“You can’t teach an old dog new tricks” is a familiar idiom, but there’s truth in it when it comes to setting good money habits.
Children’s brains are biologically proven to make connections much more easily than adults. And so if we want consumers to be financially savvy and well prepared for their financial future it’s vital we start young.
But with financial education yet to find itself on the primary school curriculum, it’s hardly surprising there’s an extreme lack of financial self-assurance in young adults and the UK public at large.
Around half of young people (those aged 12 to 17 years old) and worse still, half of parents are not confident in their money management skills, according to the Money Advice Service.
That lack of confidence is playing a huge part in the nation’s financial resilience (or lack of it). We are in the midst of a financial epidemic as study after study concludes that we have minimal savings, growing debt and struggle to think beyond the current paycheck. This is simply unsustainable and for many this means a bleak, or non-existent, retirement.
And this is where another common phrase comes into play - “Knowledge is power” - it seems self-evident that education should be the solution to the unsustainable financial path we find ourselves on.

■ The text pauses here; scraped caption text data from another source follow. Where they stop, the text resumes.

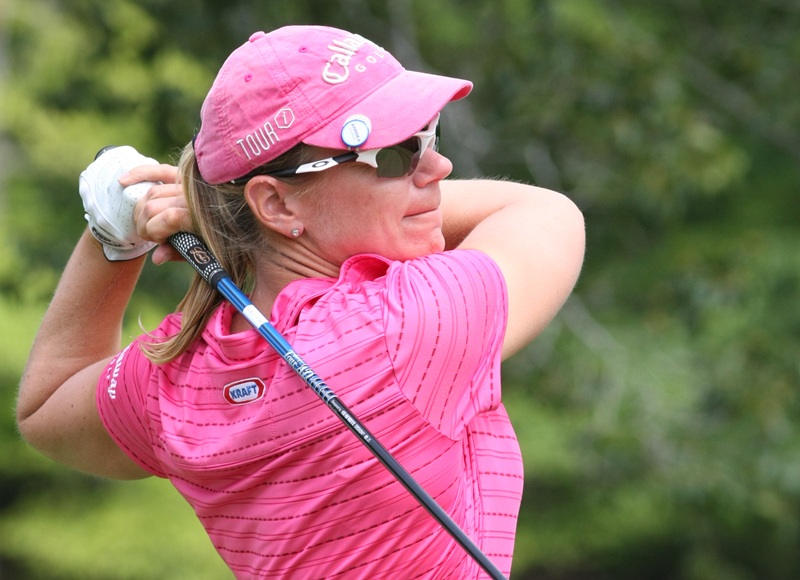 2008_LPGA_Championship_-_Annika_Sorenstam_tee_shot.jpg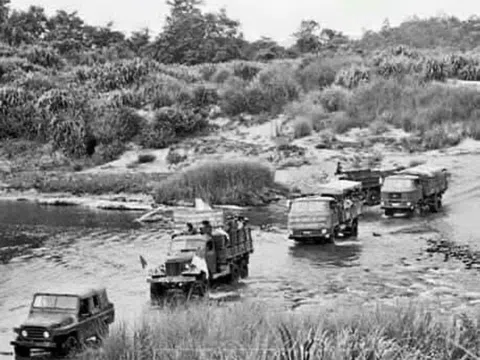 PGS.TS Đàm Khải Hoàn nguyên trung sỹ lái xe BTL Thiết giáp và Ký sự “Đường ra trận” - Phần 3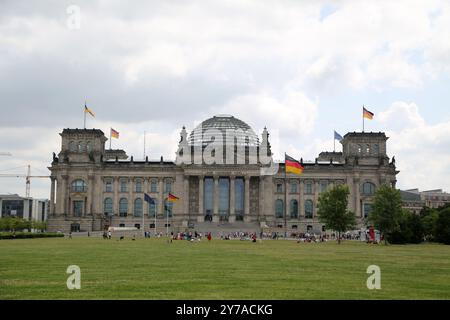 Berlin, Deutschland - 10. Juli 2013: Menschen durch Reichstagsgebäude in Berlin. Er ist Sitz des Deutschen Bundestages und Versammlungsort der Fed Stockfoto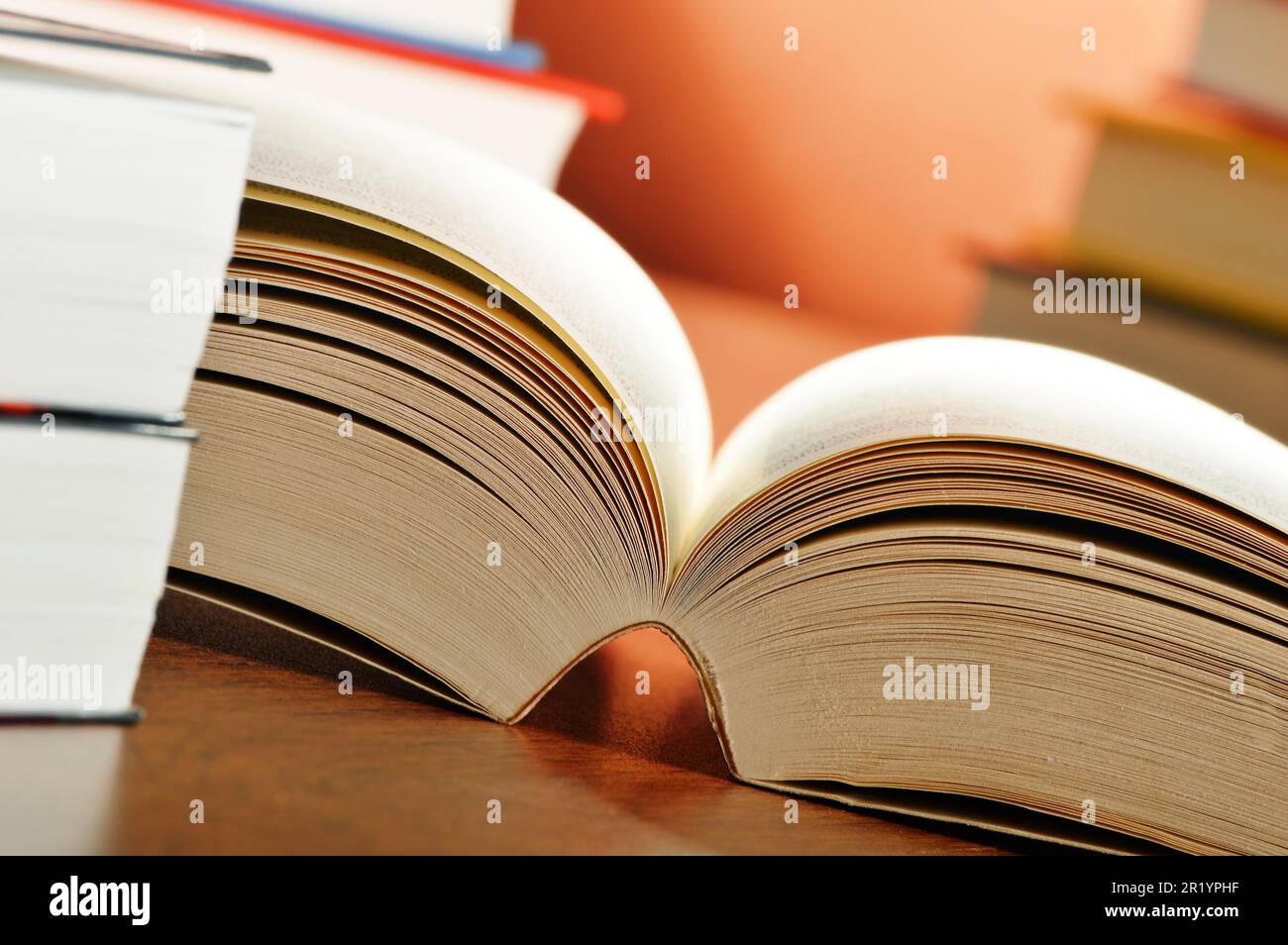 Composizione con i libri sul tavolo Foto Stock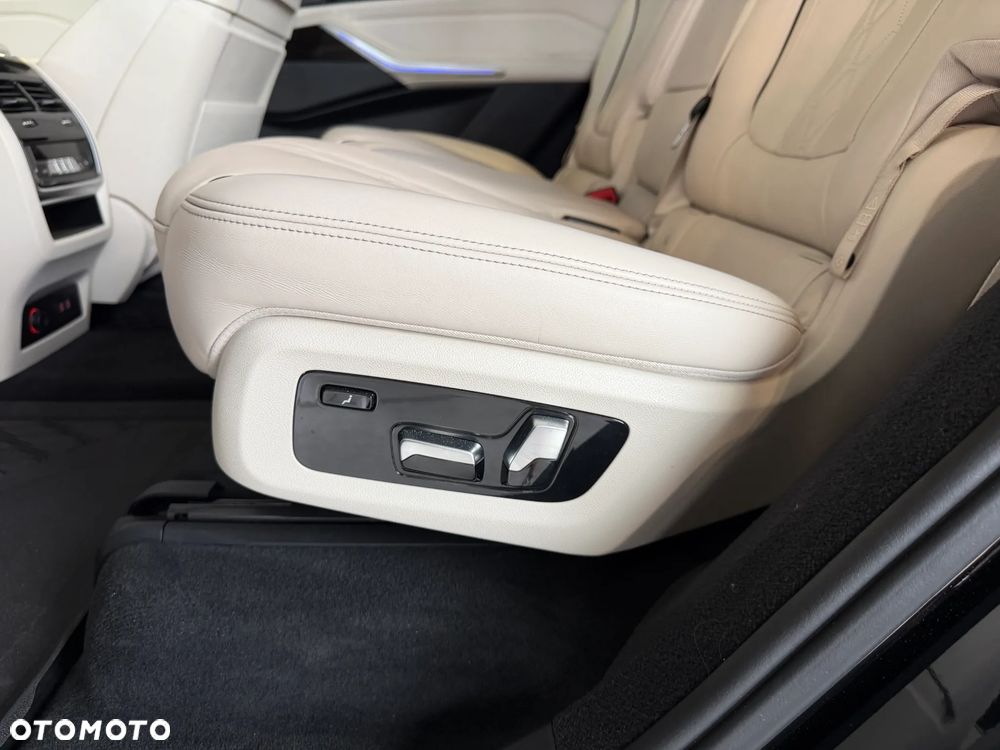 BMW X7 - 25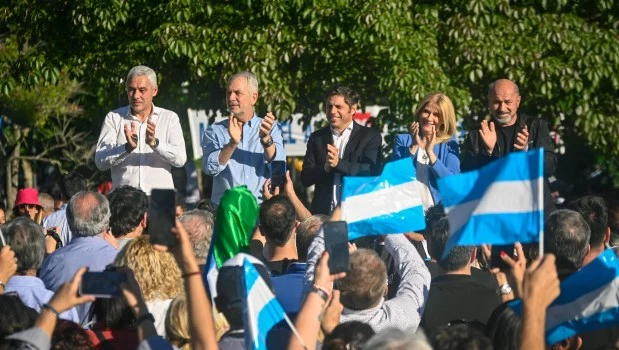 Mensaje de Kicillof a intendentes en La Plata: "La campaña termina cuando Massa esté en la Casa Rosada"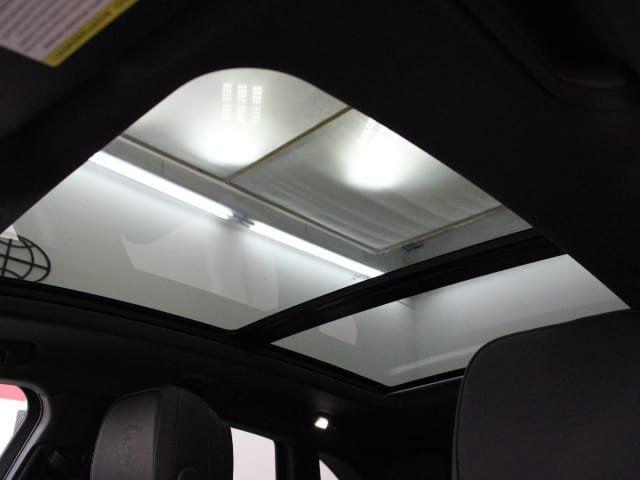 Photo of 2024 Carrara White Metallic Porsche Macan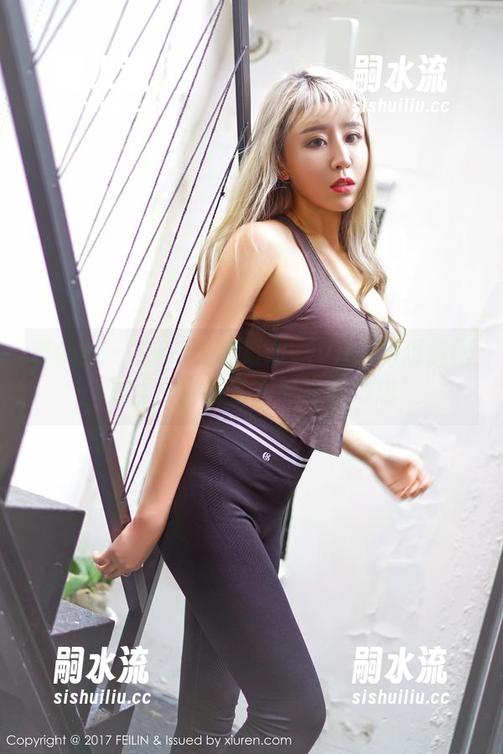 嗲囡囡 - 在K8傲娇萌萌Vivian的短裤图集里，定制了我的奇思妙想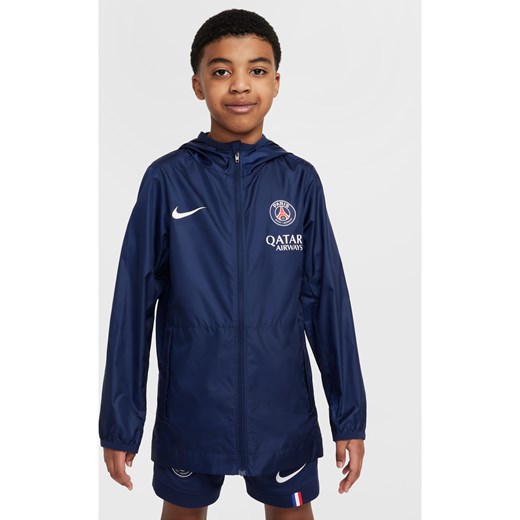 Przeciwdeszczowa kurtka piłkarska z kapturem dla dużych dzieci Nike Paris Saint-Germain Academy Pro - Niebieski ze sklepu Nike poland w kategorii Kurtki chłopięce - zdjęcie 184204002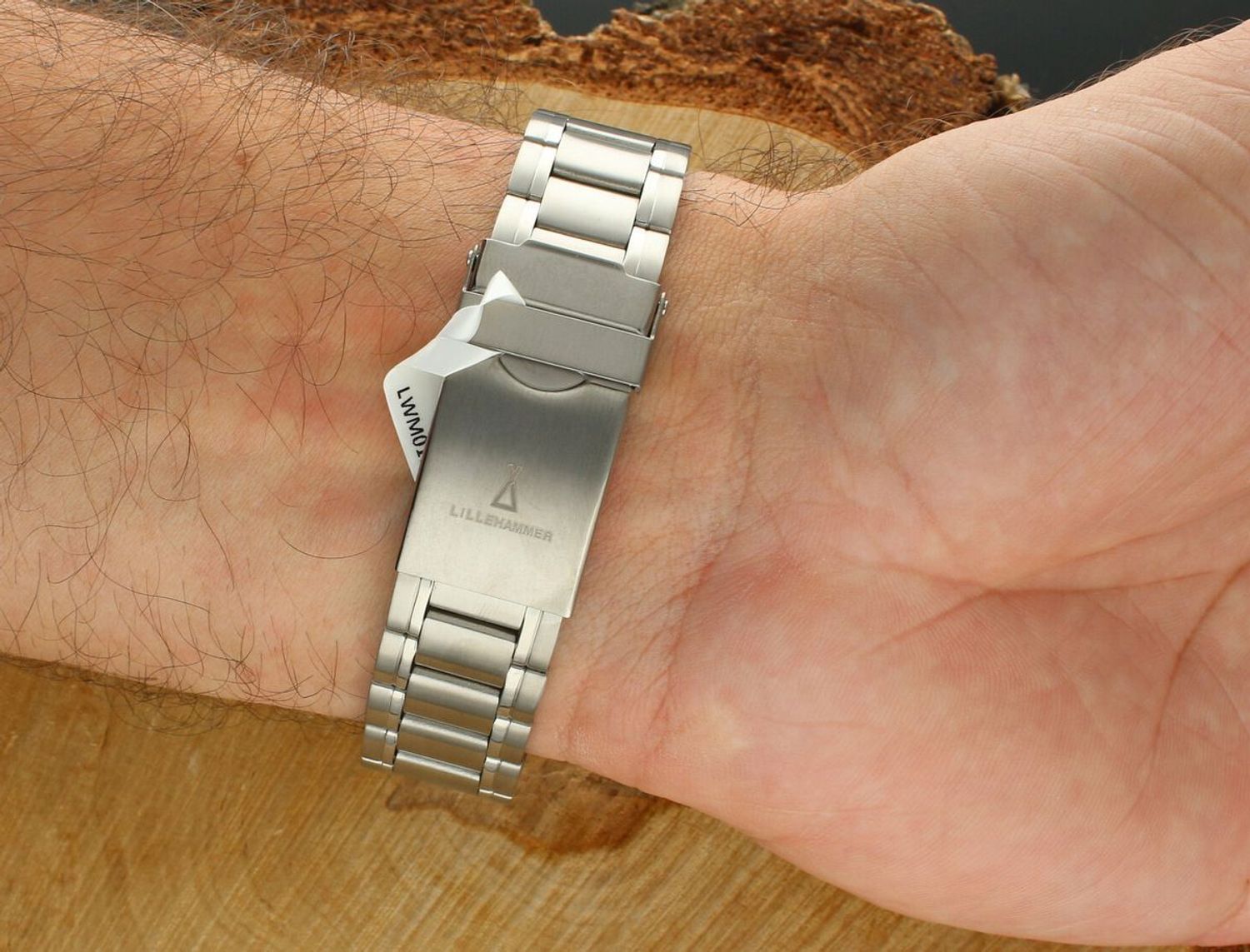 LAVVU TITANIUM LILLEHAMMER Blue – męski zegarek tytanowy ze szkłem szafirowym, wodoodporny 100M, z datownikiem. Lekki, hipoalergiczny i elegancki, idealny do codziennego i sportowego użytku.1.jpg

We need to teach our children, the next generation of consumers, about good money habits. In fact we - as parents, teachers, policy-makers, economists, financial professionals – should be noisily demanding better financial education for children.
An evaluation report of the industry-supported KickStart Money programme, shows that following financial lessons, two out of three primary aged children were actively working towards a saving goal, more than double the national average. On top of this over 75% of the children that received the lessons delivered by the charity, MyBnk, were able to delay spending. In short, financial education works.
The Government claims to want to tackle intergenerational inequality and it is true that upcoming generations will be worse off than their parents, reversing a decades-long trend. And in an age of low interest rates where it is easier to secure credit at the click of a button, than it is to save and invest, politicians should, as a matter of urgency ensuring future generation are equipped to be good with money.
This is not just responsible policymaking – it is policymaking that has the power to sway voters. Research from ComRes shows an astonishing 72% of Brits support the teaching of financial education in primary schools. When made aware that attitudes toward money are formed as young as age seven there was an even more support.
In these incredibly divided times politicians are unlikely to find much else that the nation agrees on.
Waiting and delaying is no longer an option. We know financial education works and we know it is vital. Government needs to act now to protect the futures of the 4.73 million primary children across the UK.
This article first appeared in Moneywise on 2 December 2019.